İnsanların eşitliği teorisi yerine insanı başka varlıklardan farklı kılan niteliklere eğilmek gerekmektedir. Fiziksel ve zihinsel kapasitelerine göre insanlar arasında farklılıklar bulunmaktadır. Rousseau, “Doğa, nimetlerini dağıtırken, iddia edildiği kadar iltimaslar yaptığı zaman bile, güçlüler, ötekilerin zararına, ne kadar çıkar sağlayabilir?” (Rousseau, İnsanlar Arasındaki Eşitsizliğin Kaynağı, Say Yayınları, 1982: 149) diye sorar. Rousseau, “Doğal toplum durumunda bir dev, bir cüceyi ağaçtan kovarsa, cüce onu bırakıp başka bir ağaca gider. Güçlüler aylak otururken geçimini güçsüzlerden sağlamaya zorlayacak olursa, dikkati ilk gevşediği anda güçsüz kişi ormana kaçar, kölelik zinciri kırılır ve bir daha bütün ömrünce onu göremez”, der (Rousseau, 1982: 150). Böylece insanlar arasındaki eşitsizliğin fıtrî (fiziksel, zihinsel ve takdirî) olduğunu zımnen kabul eder.
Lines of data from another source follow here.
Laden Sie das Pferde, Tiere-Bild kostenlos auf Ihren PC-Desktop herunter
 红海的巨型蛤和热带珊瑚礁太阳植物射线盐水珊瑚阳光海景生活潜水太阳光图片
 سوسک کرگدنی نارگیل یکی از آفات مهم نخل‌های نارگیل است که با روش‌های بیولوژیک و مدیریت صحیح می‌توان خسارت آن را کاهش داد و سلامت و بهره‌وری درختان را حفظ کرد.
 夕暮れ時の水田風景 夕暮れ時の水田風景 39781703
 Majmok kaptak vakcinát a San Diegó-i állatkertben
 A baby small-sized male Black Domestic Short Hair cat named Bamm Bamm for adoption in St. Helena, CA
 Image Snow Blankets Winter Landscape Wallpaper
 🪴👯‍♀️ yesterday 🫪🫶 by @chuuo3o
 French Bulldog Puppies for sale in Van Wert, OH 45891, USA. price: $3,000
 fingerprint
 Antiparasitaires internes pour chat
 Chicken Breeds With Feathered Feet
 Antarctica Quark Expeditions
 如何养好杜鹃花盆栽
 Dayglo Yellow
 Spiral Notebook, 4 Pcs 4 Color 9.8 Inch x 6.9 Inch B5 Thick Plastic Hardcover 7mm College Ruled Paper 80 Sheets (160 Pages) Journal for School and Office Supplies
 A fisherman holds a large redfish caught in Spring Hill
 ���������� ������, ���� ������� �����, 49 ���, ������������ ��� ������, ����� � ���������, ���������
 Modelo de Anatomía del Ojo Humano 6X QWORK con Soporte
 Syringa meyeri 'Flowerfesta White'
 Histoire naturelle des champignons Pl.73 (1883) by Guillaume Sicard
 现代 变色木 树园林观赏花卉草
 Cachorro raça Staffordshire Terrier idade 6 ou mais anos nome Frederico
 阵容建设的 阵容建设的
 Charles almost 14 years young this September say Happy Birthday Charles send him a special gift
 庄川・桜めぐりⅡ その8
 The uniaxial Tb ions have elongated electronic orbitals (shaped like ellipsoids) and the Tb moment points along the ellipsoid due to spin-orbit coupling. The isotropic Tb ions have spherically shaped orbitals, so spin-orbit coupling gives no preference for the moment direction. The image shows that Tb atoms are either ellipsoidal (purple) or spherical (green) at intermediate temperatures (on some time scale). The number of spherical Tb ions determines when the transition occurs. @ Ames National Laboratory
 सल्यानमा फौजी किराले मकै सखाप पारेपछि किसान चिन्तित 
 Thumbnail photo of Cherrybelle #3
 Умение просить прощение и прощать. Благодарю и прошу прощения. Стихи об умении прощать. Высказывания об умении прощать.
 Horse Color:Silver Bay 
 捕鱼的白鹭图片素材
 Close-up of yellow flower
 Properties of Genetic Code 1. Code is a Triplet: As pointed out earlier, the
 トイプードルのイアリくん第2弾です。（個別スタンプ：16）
İnsan hakları teorisi, insanın Allah ile yaptığı ‘misak'ı gözardı ederek onun ödev ve yükümlülükler sahibi biri olarak yaratılmasını dışarıda bırakmaktadır. İnsan hakları teorisinin “Diline, dinine, ırkına cinsiyetine, milliyetine, sosyal statüsüne ve rengine bakılmaksızın insana insan olduğu için tanınan hakların genel adı” şeklinde tanımlamasıyla ‘insan' kavramının içi boş bırakılmaktadır. Batı'nın neye ‘insan' dediği belirsiz kalmıştır. Etik meselesi, hak kavramının alanından dışarı çıkarıldığında birilerinin hak talepleri, diğerlerinin hak gördüklerine el koymak durumundadır. Refah devletinde hakların rekabet içinde yeni kaleler haline getirilen bireylere ve kategorilere dağıtılması, hakkın öznesinin sahip olduğu bireysel egonun aşırı şişmesiyle sonuçlanır. Böylelikle günahkârlığı yargılayacak makam olarak Allah'a karşı yükümlülükler silinmektedir (Muhammed Arkaun). İnsan başıboş bırakılacağını mı sanır? (75: 36).